Although the conventional block write circuit 102 typically increases the time required for performing block write operations, the circuit performs satisfactorily in most conventional SGRAMs. As the speed of microprocessors and bandwidths of memory devices steadily increase, however, the time for performing block write operations becomes more critical. In addition, the column masking performed by the conventional block write circuit 102 may be difficult to implement in many new memory devices, such as packetized DRAMs and Embedded DRAMs, having very wide internal data paths. The internal data path includes the input/output lines I/O, and a wide internal data path accordingly includes more such lines. With a wide internal data path, the number of input/output lines I/O associated with each array increases and the number of column select signals CSEL associated with each array typically decreases. The number of column select lines decreases because for each column select signal CSEL more data is transferred out of the array on the input/output lines I/O. For example, in an array where each row includes 128 columns and 64 input/output lines (i e., a 64-bit internal data bus) are associated with the array, only two column select lines CSEL are required, one to transfer the data stored in the memory cells in the first 64 columns onto the respective input/output lines, and a second column select signal to do the same for the data stored in the second 64 columns. As the number of column select signals CSEL decreases, the approach illustrated in FIG. 2 for performing column masking during block write operations may be difficult to implement since the column mask decoder 108 no longer applies separate column select signals CSEL to each column select transistor.

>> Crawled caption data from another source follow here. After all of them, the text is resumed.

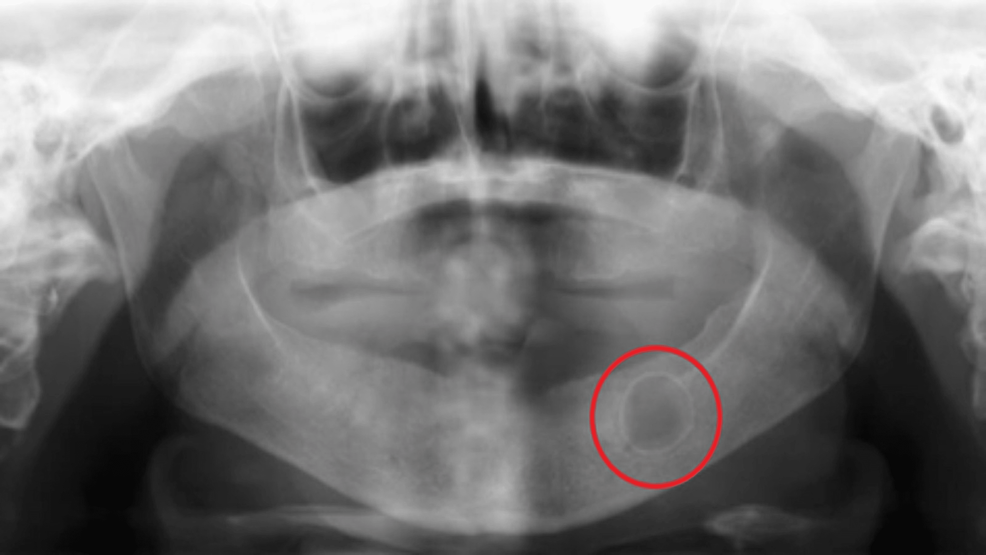 Cureus Prevalence of Total Edentulism and Panoramic Radiographic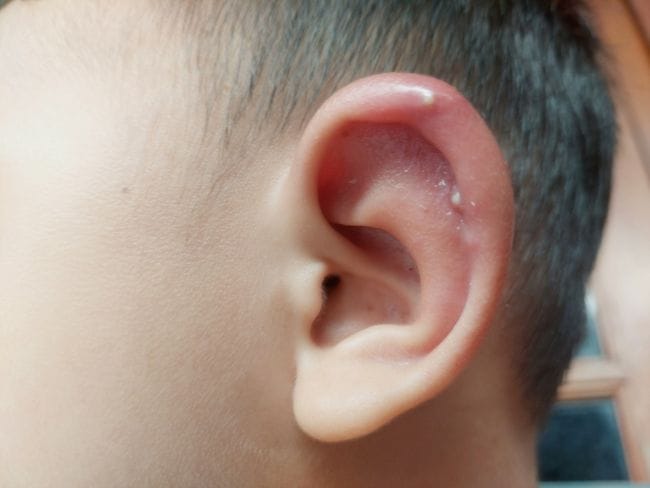 Bisul Di Telinga, Ketahui Penyebab, Cara Mengatasi, dan Pencegahannya - Alodokter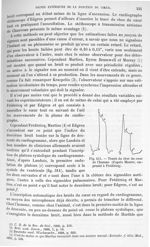 Fig. 311. Tracés du choc du cœur de l'homme - Traité de physique biologique. Tome premier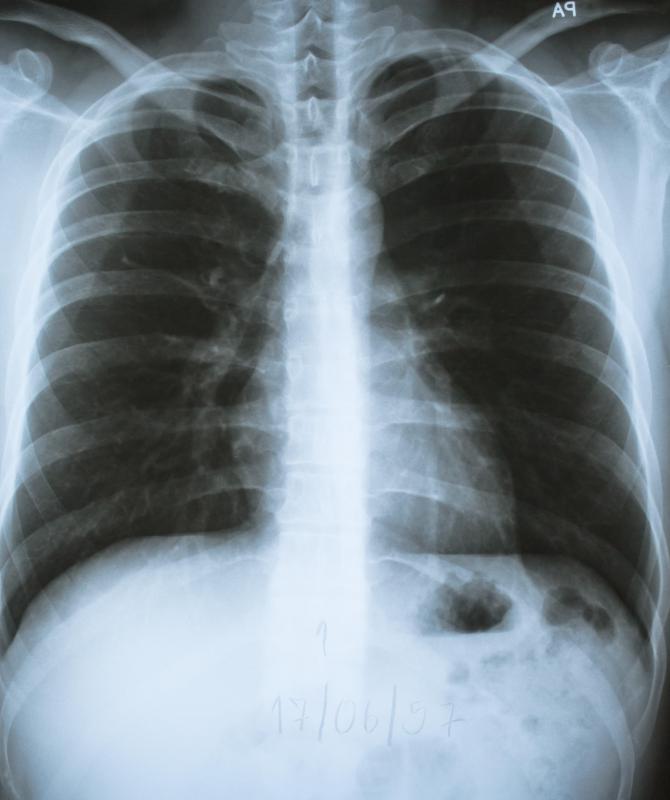 An X-ray of the sternum may be conducted to diagnose a lump on the sternum.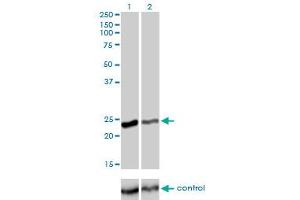 Western blot analysis of RAB4A over-expressed 293 cell line, cotransfected with RAB4A Validated Chimera RNAi (Lane 2) or non-transfected control (Lane 1).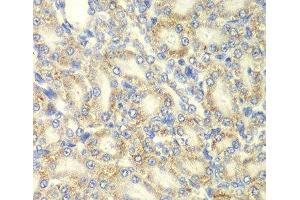 Immunohistochemistry of paraffin-embedded Rat kidney using PRKAB2 Polyclonal Antibody at dilution of 1:100 (40x lens). (PRKAB2 抗体)
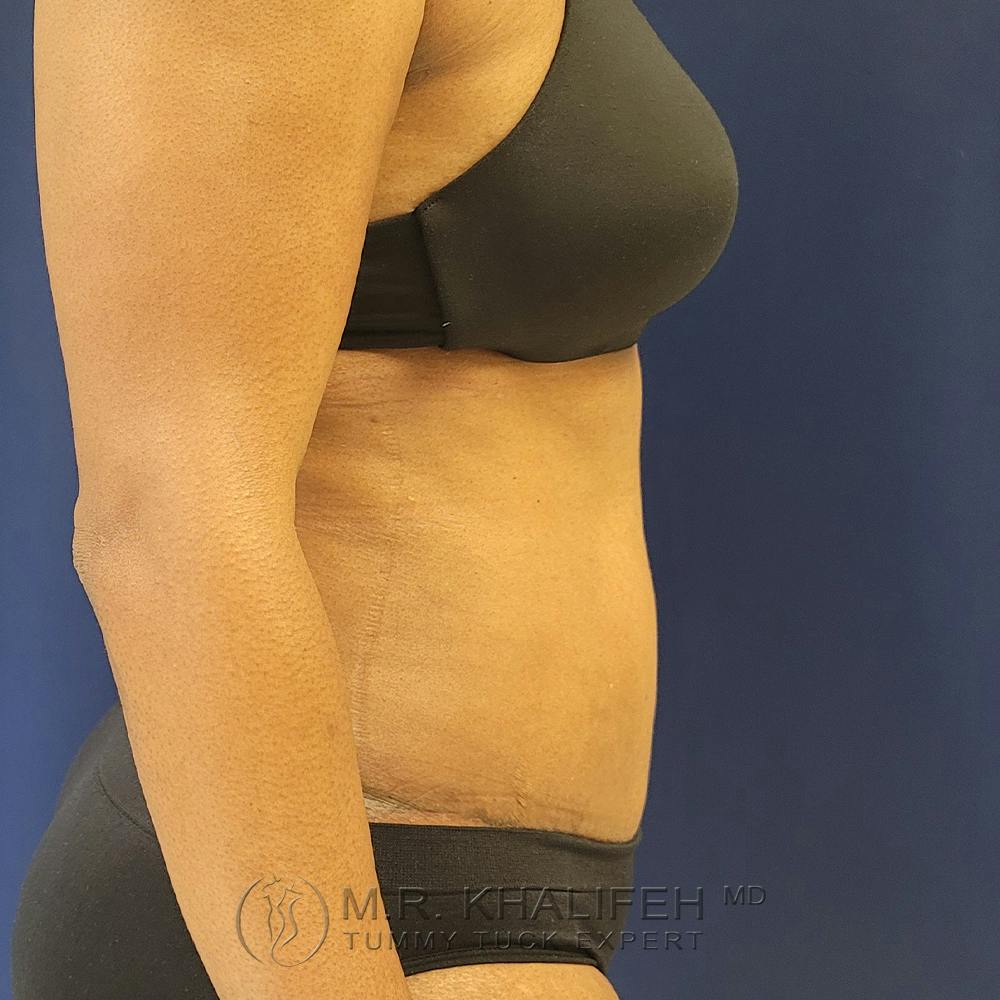 Tummy Tuck Gallery - Patient 122890613 - Image 6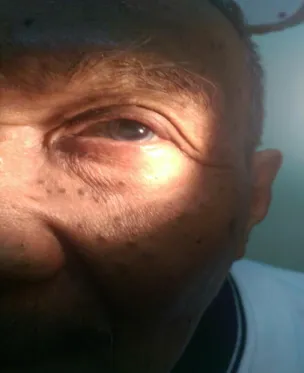 Gambar Oculi Dextra  Gambar Oculi Sinistra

For example, in the array described above having 128 columns of memory cells and 64 associated input/output lines, the column select transistors associated with the first 64 columns have their gates coupled together to receive the first column select signal. In this situation, individual column select transistors cannot be separately activated since their respective gates are coupled together.
There is a need for a block write circuit in a memory device having a wide internal data path that decreases the time required for performing block write operations and performs column masking of bits within each block.